Deze Engel des Doods wordt beschreven als uitzonderlijk groot; hij is zo groot als van het ene eind der wereld tot het andere eind. Hij is gekleed in vuur, bestaat uit vuur, en zijn ogen zijn vuurbollen. Daar komt bij dat hij van kop tot teen vol ogen staat, iets wat bij speciale engelen nog wel voorkwam. Volgens de Targoem op Job kon Sammaël vliegen als een vogel en had hij twaalf vleugels, twee keer zoveel als een Seraf. Een bericht in de Talmoed vertelt dat de komst van de Doodsengel werd aangekondigd door het gehuil van honden. Als teken van zijn ‘taak’ droeg hij altijd een zwaard bij zich. In de Talmoed wordt ook uitgelegd wat er dan precies gebeurt:
Van de engel des doods wordt gezegd dat hij vol ogen is [hij is dus overal]. Dus wanneer een zieke op het punt staat te sterven, staat de engel des doods boven het kussen van de man, met in zijn hand een getrokken zwaard, een druppel gal hangend aan de punt. Wanneer de zieke hem ziet, beeft hij en opent zijn mond [van schrik]. Precies op dat moment laat de engel des doods de gal in zijn mond vallen en hij sterft eraan – zijn lijk begint te stinken en zijn gezicht wordt groen.
Er werd onderwezen dat men de Engel des Doods op afstand kon houden door het betonen van liefdadigheid en door Thora te studeren.

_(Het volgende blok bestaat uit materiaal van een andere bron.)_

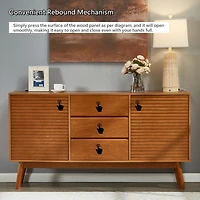Streamdale Furniture JaydenMax Modern Wood Tv Stand, Entertainment Center for TVs up to 65", Sideboard Buffet Cabinet Credenza, Slatted Media Console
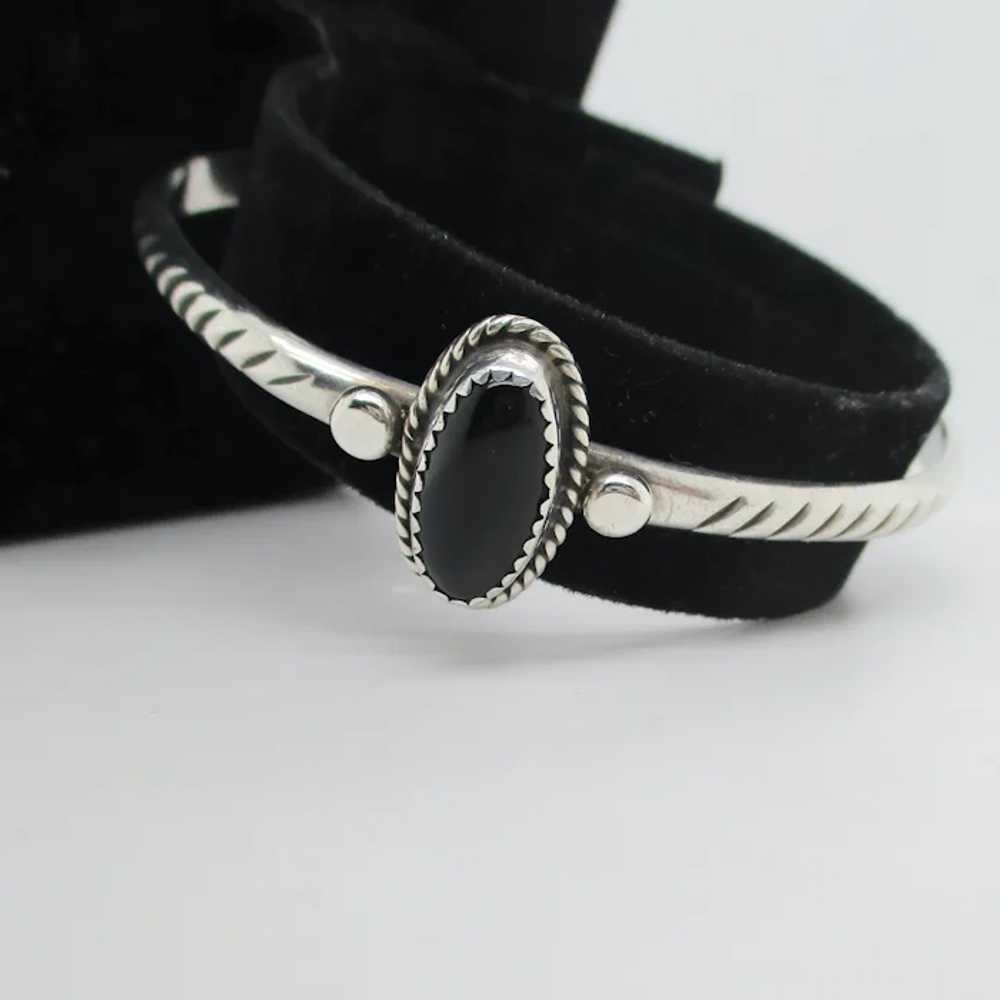 Sterling Silver Bangle with Black Onyx Setting - image 4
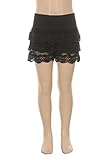 Vialumi Kids Girls Solid Tiered Crotchet Lace Shorts Black Small / Medium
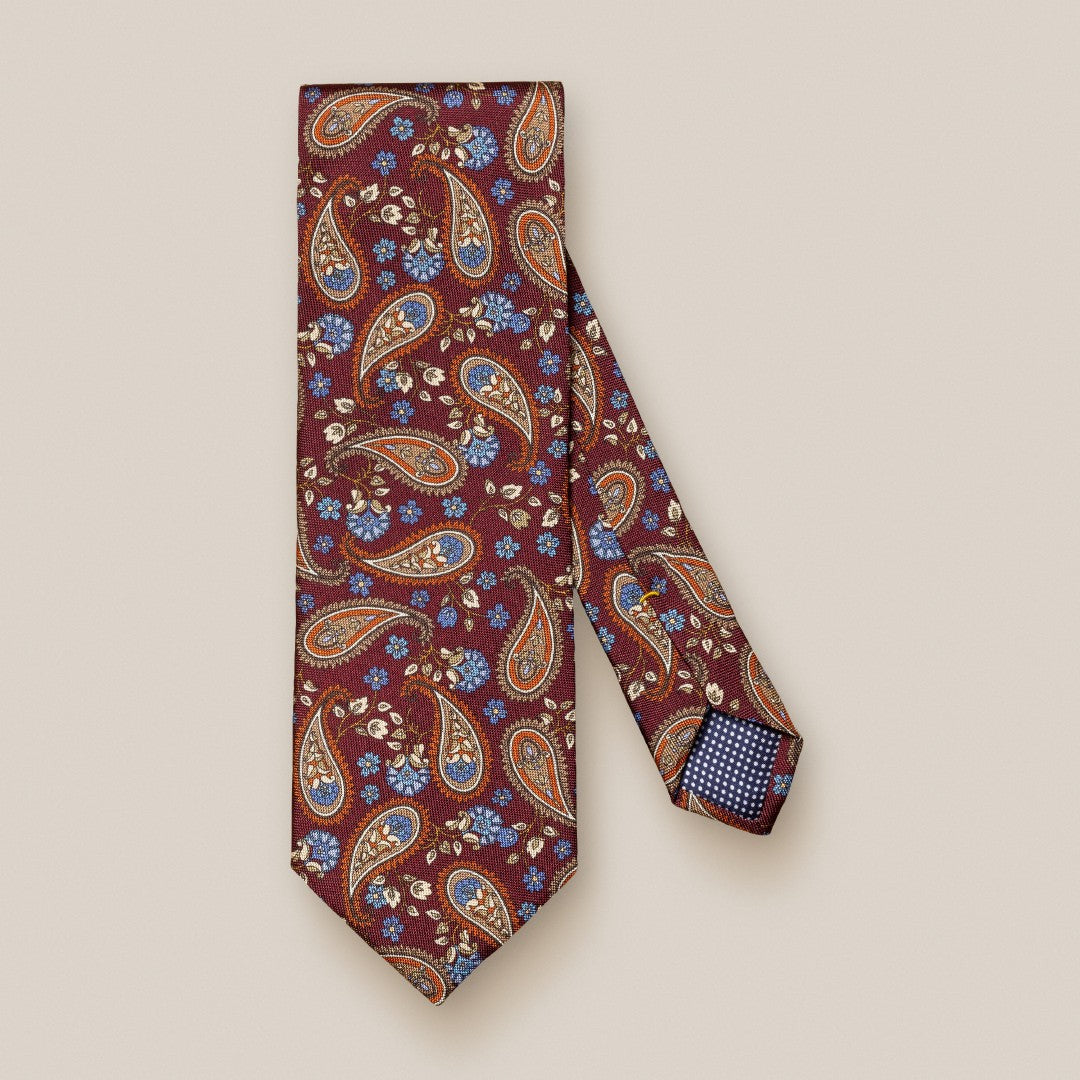 Eton Silk Paisley Patterned Tie Dark Brown-MALFORD OF LONDON SAVILE ROW MENSWEAR OUTLET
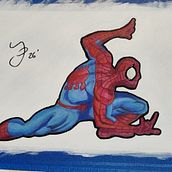 spidey acrilico . Un proyecto de Ilustración tradicional, Diseño de personajes, Pintura, Cómic y Pintura acrílica de jonibravodifer - 29.09.2026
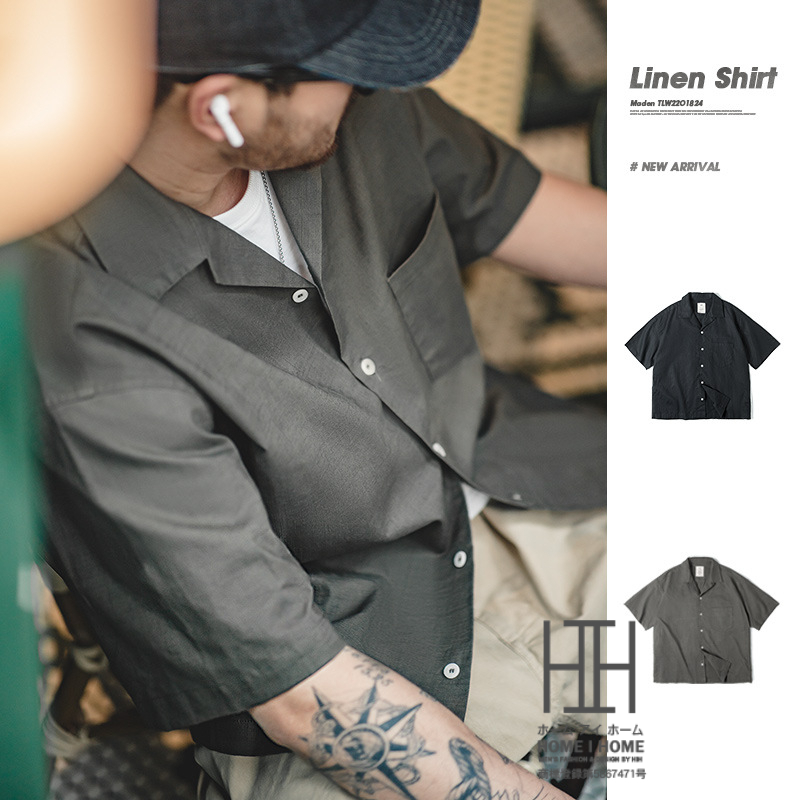 キューバシャツ 半袖シャツ 4ポケット 刺繍 開襟 黒 3XL ビッグサイズ ビッグサイズ GENTLEMENS COLLECTION 半袖 刺繍 キューバシャツ
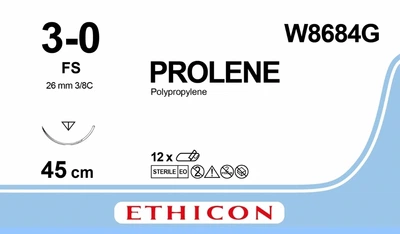 Пролен Ethicon синий 45 см USP3-0 M2 одна игла обратно-режущая игла 26 мм 3/8 круга (W8684G)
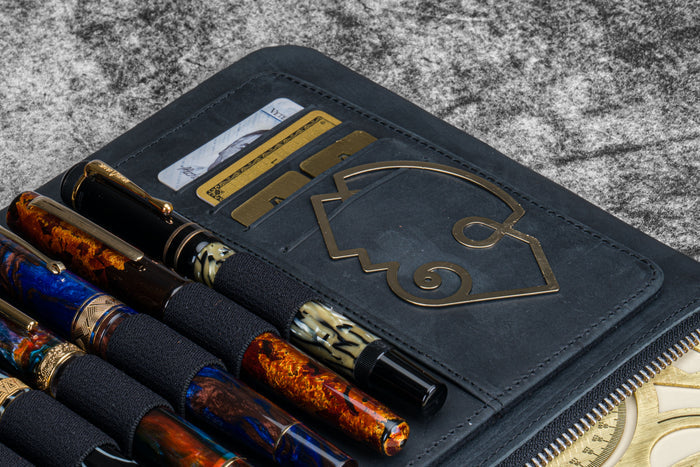 Leather Zippered Writer's Bank Bag - Crazy Horse Black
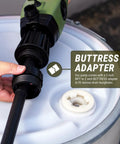 Kick Serious Fluid Around With This Heavy Duty Electric Drum Pump Made For 55 Gallon Barrels showing 2 inch NPT and buttress adapter.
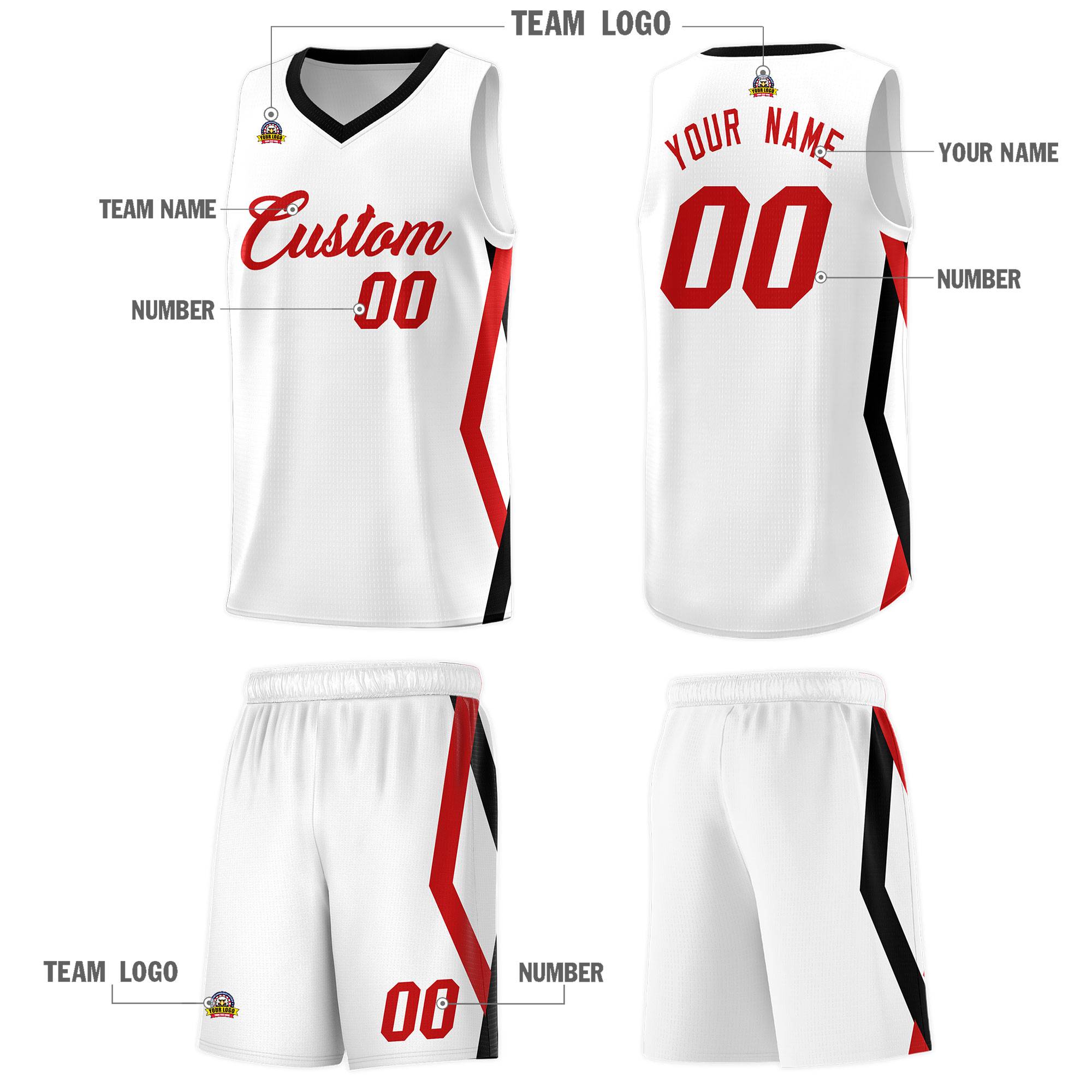 Custom White Side Rhombus Graffiti Pattern Kits Basketball Jersey|KXKSHOP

Een getuigenis treffen we weer aan in de Talmoed.
Een baraita leer over Benjamin de rechtvaardige, die was aangesteld als toezichthouder over het liefdadigheidsfonds. Eens kwam er een vrouw bij hem tijdens jaren van droogte en zei tegen hem: Mijn meester, ondersteun mij. Hij zei tegen haar: Ik zweer bij de Tempeldienst dat er niets over is in het liefdadigheidsfonds. Zij zei tegen hem: Mijn meester, als u mij niet onderhoudt, zullen een vrouw en haar zeven zonen sterven. Hij stond op en ondersteunde haar met zijn eigen geld. Na enige tijd werd hij doodziek. De dienende engelen zeiden tot de Heilige, Gezegend zij Hij: Meester van het heelal, U zei dat iedereen die één leven in Israël bewaart, wordt beschouwd alsof hij een hele wereld heeft bewaard. Moet dan Benjamin de rechtvaardige, die een vrouw en haar zeven zonen redde, na deze paar jaar sterven, nog in zijn jeugd? Zij verscheurden onmiddellijk zijn vonnis. Een Wijze onderwees: Zij voegden tweeëntwintig jaar aan zijn leven toe.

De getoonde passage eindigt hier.